All of the women were admitted to the intensive care unit due to issues with blood pressure and heart rate. Three required breathing support.
[Misdiagnoses resulted in] delayed management and exposure to therapies known to worsen porphyric neuropathy.
Five women had elevated levels of urine porphobilinogen, a porphyrin precursor that may build up to toxic levels in porphyria patients. All patients had low blood levels of sodium, while four also had low levels of potassium and magnesium.

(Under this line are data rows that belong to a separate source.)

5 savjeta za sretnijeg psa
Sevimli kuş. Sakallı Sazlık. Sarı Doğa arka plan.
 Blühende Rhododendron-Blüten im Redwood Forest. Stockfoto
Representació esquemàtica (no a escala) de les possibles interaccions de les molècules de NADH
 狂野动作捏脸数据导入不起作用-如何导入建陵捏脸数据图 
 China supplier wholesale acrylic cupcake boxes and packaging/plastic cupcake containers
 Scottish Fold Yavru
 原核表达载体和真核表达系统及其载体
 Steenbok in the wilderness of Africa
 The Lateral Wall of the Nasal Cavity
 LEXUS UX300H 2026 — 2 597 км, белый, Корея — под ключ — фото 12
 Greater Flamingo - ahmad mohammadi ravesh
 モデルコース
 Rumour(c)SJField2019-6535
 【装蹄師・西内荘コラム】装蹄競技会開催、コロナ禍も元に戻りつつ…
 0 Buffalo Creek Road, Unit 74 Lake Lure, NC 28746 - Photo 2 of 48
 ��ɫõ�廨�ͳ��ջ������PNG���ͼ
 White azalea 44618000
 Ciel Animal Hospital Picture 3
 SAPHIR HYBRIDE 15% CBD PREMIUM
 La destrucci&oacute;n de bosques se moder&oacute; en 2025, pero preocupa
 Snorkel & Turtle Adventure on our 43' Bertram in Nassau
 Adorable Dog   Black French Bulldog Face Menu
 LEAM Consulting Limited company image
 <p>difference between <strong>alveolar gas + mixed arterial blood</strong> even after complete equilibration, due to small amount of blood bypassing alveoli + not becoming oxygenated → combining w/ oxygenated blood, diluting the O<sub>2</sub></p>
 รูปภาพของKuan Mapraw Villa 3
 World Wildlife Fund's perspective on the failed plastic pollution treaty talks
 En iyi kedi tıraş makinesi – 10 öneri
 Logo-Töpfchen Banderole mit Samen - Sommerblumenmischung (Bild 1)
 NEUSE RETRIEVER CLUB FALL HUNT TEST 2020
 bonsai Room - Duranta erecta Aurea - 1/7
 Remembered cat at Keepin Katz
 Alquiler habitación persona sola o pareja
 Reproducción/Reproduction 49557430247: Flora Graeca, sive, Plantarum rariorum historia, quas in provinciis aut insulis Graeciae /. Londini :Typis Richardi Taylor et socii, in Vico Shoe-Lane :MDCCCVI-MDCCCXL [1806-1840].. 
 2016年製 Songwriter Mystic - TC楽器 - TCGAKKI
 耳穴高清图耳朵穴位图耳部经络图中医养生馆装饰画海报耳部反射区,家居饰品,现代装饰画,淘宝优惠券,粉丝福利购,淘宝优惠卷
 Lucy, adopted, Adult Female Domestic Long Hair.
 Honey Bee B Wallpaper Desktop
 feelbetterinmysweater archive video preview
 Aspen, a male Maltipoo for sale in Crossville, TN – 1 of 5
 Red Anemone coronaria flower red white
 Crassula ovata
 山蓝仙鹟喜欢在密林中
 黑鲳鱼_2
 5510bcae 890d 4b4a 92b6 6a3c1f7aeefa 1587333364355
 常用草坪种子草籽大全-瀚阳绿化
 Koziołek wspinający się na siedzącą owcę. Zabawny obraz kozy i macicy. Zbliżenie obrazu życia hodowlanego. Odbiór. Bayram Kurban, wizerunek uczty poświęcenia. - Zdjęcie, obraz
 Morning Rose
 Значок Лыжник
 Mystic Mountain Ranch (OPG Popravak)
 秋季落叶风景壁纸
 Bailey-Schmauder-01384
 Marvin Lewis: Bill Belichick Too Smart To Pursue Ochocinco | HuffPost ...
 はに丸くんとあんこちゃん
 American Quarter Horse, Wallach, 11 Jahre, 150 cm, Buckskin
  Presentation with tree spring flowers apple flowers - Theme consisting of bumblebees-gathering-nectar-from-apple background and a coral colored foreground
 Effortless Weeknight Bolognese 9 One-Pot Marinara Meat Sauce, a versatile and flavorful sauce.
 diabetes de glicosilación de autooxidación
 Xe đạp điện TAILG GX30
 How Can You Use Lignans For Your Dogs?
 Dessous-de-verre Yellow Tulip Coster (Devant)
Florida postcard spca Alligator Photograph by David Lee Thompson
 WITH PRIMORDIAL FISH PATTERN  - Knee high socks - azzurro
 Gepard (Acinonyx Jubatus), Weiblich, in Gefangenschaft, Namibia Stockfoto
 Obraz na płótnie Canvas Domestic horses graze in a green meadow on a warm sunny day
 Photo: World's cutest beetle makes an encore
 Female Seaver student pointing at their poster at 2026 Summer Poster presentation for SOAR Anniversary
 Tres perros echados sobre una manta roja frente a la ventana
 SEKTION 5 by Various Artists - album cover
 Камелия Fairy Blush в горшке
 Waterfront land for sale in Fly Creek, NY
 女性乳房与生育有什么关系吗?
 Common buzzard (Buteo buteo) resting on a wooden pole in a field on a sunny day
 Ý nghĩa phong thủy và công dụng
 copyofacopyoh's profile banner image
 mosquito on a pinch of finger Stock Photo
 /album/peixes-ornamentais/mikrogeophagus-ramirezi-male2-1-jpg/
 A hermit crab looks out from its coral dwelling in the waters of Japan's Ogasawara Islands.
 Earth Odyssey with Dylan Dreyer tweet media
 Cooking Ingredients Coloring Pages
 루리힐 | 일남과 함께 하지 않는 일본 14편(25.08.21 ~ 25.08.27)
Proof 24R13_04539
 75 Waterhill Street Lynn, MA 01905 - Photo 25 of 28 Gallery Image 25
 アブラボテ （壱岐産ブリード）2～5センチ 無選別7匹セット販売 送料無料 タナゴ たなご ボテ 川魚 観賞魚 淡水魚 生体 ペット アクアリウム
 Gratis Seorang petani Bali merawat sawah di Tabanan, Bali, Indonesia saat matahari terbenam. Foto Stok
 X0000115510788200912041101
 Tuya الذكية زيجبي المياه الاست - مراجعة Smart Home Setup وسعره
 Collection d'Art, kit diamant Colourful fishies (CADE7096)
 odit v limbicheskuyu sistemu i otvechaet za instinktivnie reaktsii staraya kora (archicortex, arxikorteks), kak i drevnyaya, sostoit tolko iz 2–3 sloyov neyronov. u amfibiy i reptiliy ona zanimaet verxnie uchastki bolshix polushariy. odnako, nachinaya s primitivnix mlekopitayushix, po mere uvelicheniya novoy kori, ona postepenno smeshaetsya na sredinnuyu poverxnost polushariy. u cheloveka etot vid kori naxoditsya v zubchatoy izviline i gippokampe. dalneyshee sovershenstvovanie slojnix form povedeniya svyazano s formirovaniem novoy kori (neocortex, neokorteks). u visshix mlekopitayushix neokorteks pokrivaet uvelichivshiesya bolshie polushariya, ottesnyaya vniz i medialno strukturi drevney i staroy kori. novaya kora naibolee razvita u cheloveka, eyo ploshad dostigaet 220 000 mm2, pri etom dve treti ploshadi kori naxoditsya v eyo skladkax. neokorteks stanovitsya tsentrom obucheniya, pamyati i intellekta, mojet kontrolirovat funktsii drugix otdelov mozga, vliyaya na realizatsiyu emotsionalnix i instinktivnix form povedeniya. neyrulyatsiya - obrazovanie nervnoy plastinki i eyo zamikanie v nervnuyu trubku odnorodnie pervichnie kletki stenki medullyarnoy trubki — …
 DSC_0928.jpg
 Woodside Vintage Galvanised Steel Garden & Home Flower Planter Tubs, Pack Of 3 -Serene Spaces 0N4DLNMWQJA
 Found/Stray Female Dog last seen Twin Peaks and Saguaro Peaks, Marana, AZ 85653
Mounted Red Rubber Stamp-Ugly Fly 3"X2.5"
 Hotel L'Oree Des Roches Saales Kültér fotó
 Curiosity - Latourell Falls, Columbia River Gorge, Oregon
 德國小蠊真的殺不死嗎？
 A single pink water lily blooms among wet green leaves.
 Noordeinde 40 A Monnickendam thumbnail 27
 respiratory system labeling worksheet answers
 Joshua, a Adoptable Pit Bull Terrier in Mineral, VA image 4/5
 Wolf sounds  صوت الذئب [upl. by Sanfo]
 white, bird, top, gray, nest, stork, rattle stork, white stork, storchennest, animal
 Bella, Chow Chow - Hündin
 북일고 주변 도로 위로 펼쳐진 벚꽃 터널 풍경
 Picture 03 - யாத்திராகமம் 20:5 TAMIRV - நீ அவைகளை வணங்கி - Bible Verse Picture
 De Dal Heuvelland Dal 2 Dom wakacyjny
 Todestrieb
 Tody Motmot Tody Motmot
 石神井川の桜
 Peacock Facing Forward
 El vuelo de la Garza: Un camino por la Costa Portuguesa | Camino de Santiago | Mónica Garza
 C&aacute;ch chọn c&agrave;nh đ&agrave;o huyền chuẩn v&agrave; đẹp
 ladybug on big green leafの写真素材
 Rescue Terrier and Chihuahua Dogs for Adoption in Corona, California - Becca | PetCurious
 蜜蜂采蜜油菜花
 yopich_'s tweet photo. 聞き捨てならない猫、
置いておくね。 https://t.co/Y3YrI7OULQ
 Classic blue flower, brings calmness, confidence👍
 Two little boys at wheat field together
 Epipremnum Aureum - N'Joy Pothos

Genetic analysis indicated that all women had mutations in the HMBS gene, leading to a diagnosis of AIP.
There were substantial delays in diagnosis for all of the women, with five misdiagnosed with Guillain-Barré syndrome, a condition that causes weakness due to autoimmune nerve damage.
According to the researchers, this resulted in “delayed management and exposure to therapies known to worsen porphyric neuropathy.”
After receiving a correct diagnosis, all of the patients started treatment with heme arginate infusions, a medication sold under the brand name Normosang. Treatment began after a median of 4.5 weeks.
“Small fiber neuropathy and allodynia with sparing of large fiber sensory modalities may serve as a diagnostic clue guiding early recognition of AIP in patients presenting with acute polyneuropathy,” the researchers wrote.
The team added that “early recognition and management of AIP presenting with acute quadriparesis can significantly improve functional outcomes” for patients.